Would you return every entry below exactly as written, without its images?

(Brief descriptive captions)
((

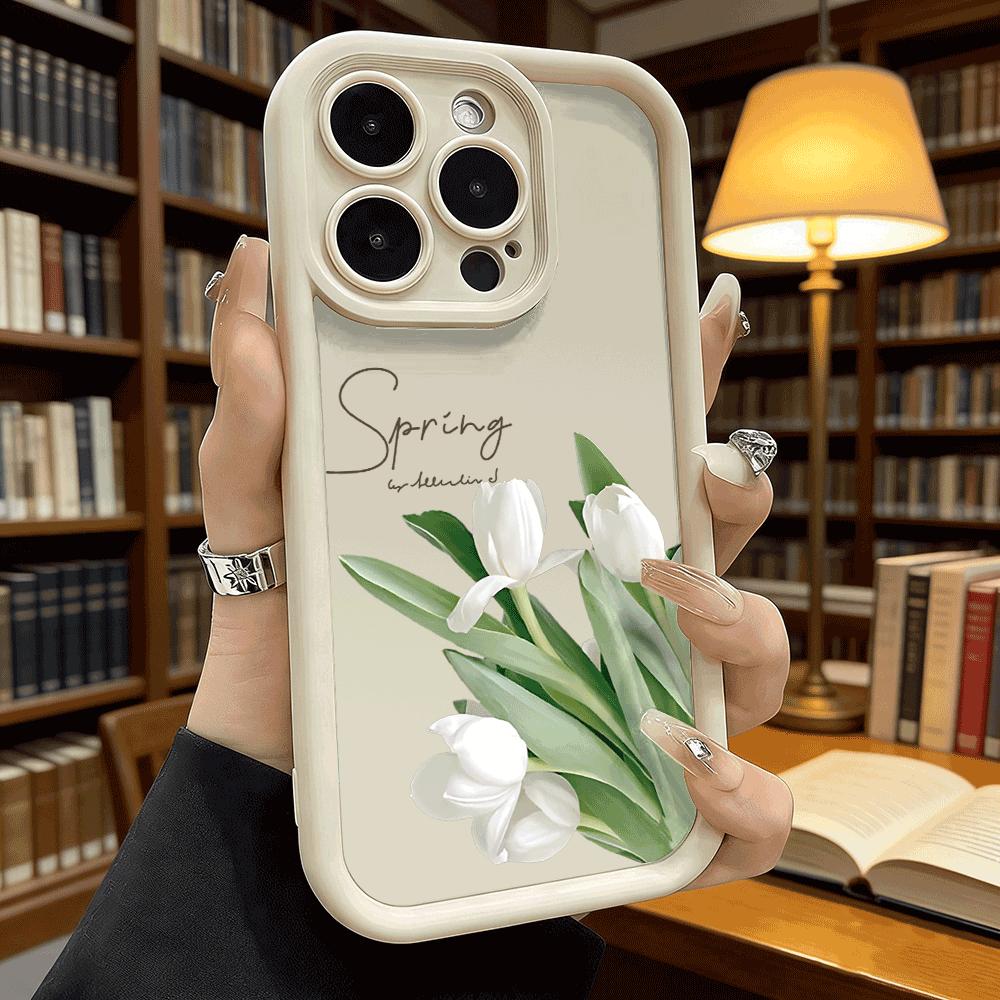 White Tulips with 'Spring' Text Soft TPU Phone Case for iPhone 17 16 15 14 13 12 11 Pro Max Plus Shockproof Anti-Slip Cover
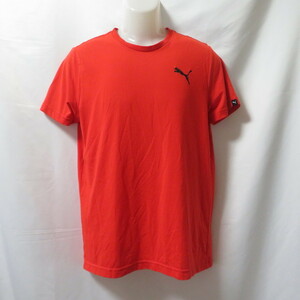 古着 メンズL PUMA/プーマ ポリエステルTシャツ 半袖 スポーツ ジム ジョギング トレーニング ランニング レッド 592784-77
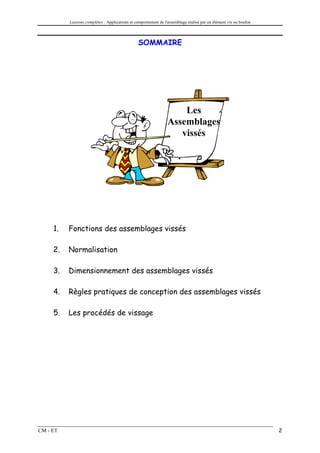 Liaisons complètes : Applications et comportement de l'assemblage réalisé par un élément vis ou boulon



                                                SOMMAIRE




                                                                     Les
                                                                 Assemblages
                                                                    vissés




     1.   Fonctions des assemblages vissés

     2.   Normalisation

     3.   Dimensionnement des assemblages vissés

     4.   Règles pratiques de conception des assemblages vissés

     5.   Les procédés de vissage




CM - ET                                                                                                            2
 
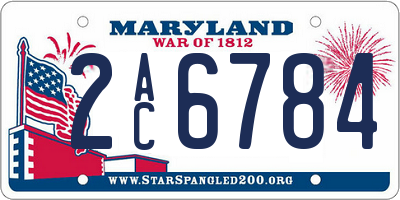 MD license plate 2AC6784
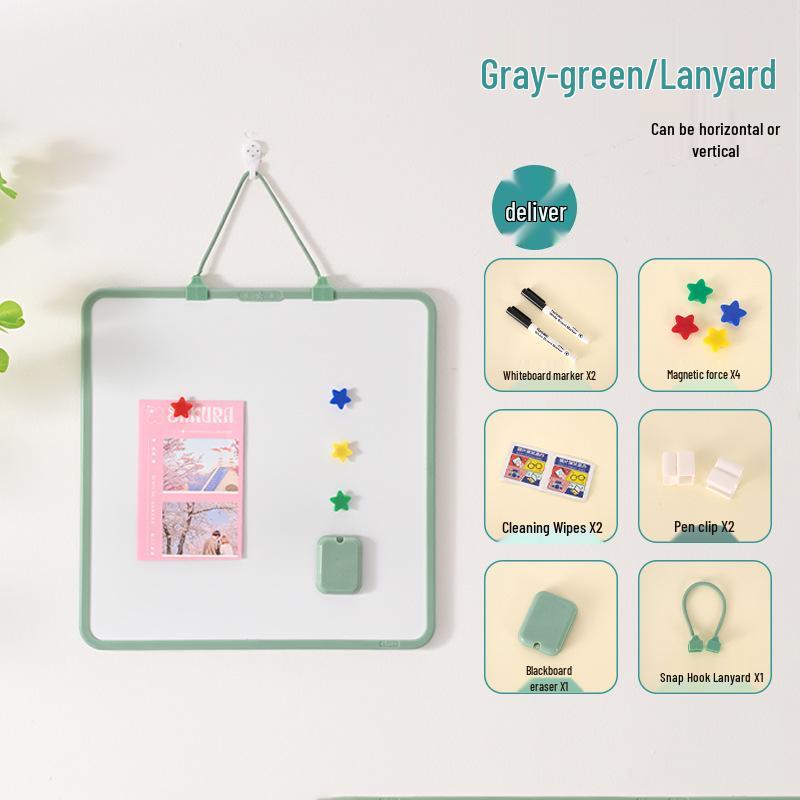 Lavagna bianca con cordino magnetico bifacciale da scrivania: Lavagna portatile per disegni e promemoria per bambini.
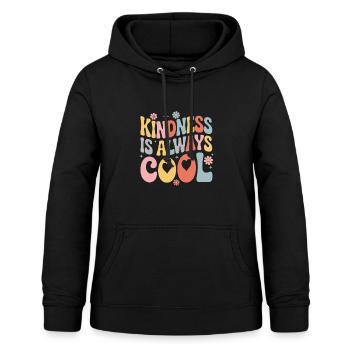 Freundlichkeit Ist Immer Cool Blumen Herzen - Frauen Hoodie - Schwarz - Vorne - AI Model Female 172 light (172cm)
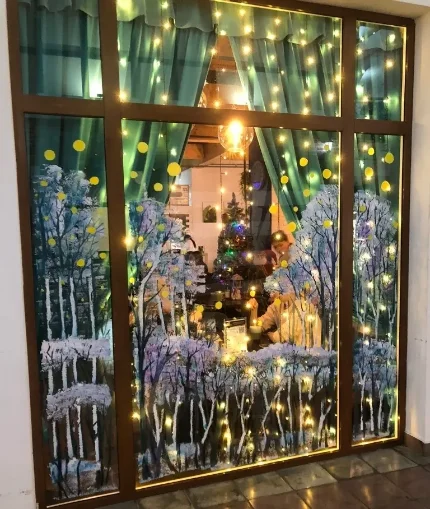 роспись витрин магазинов новогодняя витрина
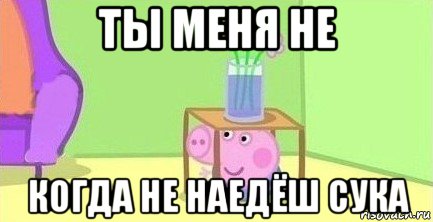 ты меня не когда не наедёш сука, Мем  Свинка пеппа под столом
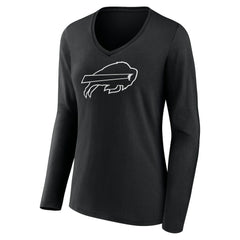 Buffalo Bills Women's Personalized Name & Number Monochrome Long Sleeve V-Neck T-Shirt Black - NFL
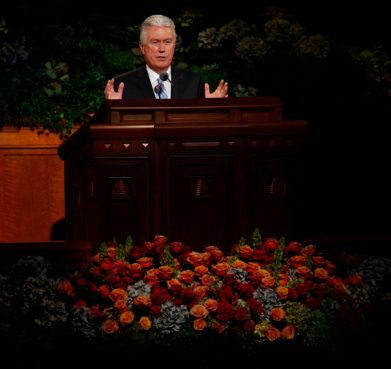 Dieter F. Uchtdorf, second counselor in the LDS Church’s governing First Presidency, speaks during the 183rd LDS General Conference. Photo courtesy The Church of Jesus Christ of Latter-day Saints
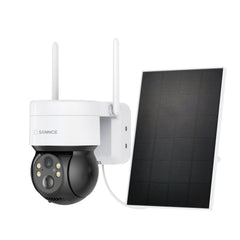 Caméra IP sans fil Panoramique et Inclinaison 4MP - Alimentation sur Batterie/Solaire, Vision Nocturne Couleur, Audio Bidirectionnel, Compatible avec Alexa, Détection de Forme Humaine par PIR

))

Reply to the task:
 White Tulips with 'Spring' Text Soft TPU Phone Case for iPhone 17 16 15 14 13 12 11 Pro Max Plus Shockproof Anti-Slip Cover
 古着 メンズL PUMA/プーマ ポリエステルTシャツ 半袖 スポーツ ジム ジョギング トレーニング ランニング レッド 592784-77
 Liaisons complètes : Applications et comportement de l'assemblage réalisé par un élément vis ou boulon



                                                SOMMAIRE




                                                                     Les
                                                                 Assemblages
                                                                    vissés




     1.   Fonctions des assemblages vissés

     2.   Normalisation

     3.   Dimensionnement des assemblages vissés

     4.   Règles pratiques de conception des assemblages vissés

     5.   Les procédés de vissage




CM - ET                                                                                                            2
 
 MD license plate 2AC6784
 Lavagna bianca con cordino magnetico bifacciale da scrivania: Lavagna portatile per disegni e promemoria per bambini.
 Freundlichkeit Ist Immer Cool Blumen Herzen - Frauen Hoodie - Schwarz - Vorne - AI Model Female 172 light (172cm)
 роспись витрин магазинов новогодняя витрина
 ты меня не когда не наедёш сука, Мем  Свинка пеппа под столом
 Buffalo Bills Women's Personalized Name & Number Monochrome Long Sleeve V-Neck T-Shirt Black - NFL
 Dieter F. Uchtdorf, second counselor in the LDS Church’s governing First Presidency, speaks during the 183rd LDS General Conference. Photo courtesy The Church of Jesus Christ of Latter-day Saints
 Caméra IP sans fil Panoramique et Inclinaison 4MP - Alimentation sur Batterie/Solaire, Vision Nocturne Couleur, Audio Bidirectionnel, Compatible avec Alexa, Détection de Forme Humaine par PIR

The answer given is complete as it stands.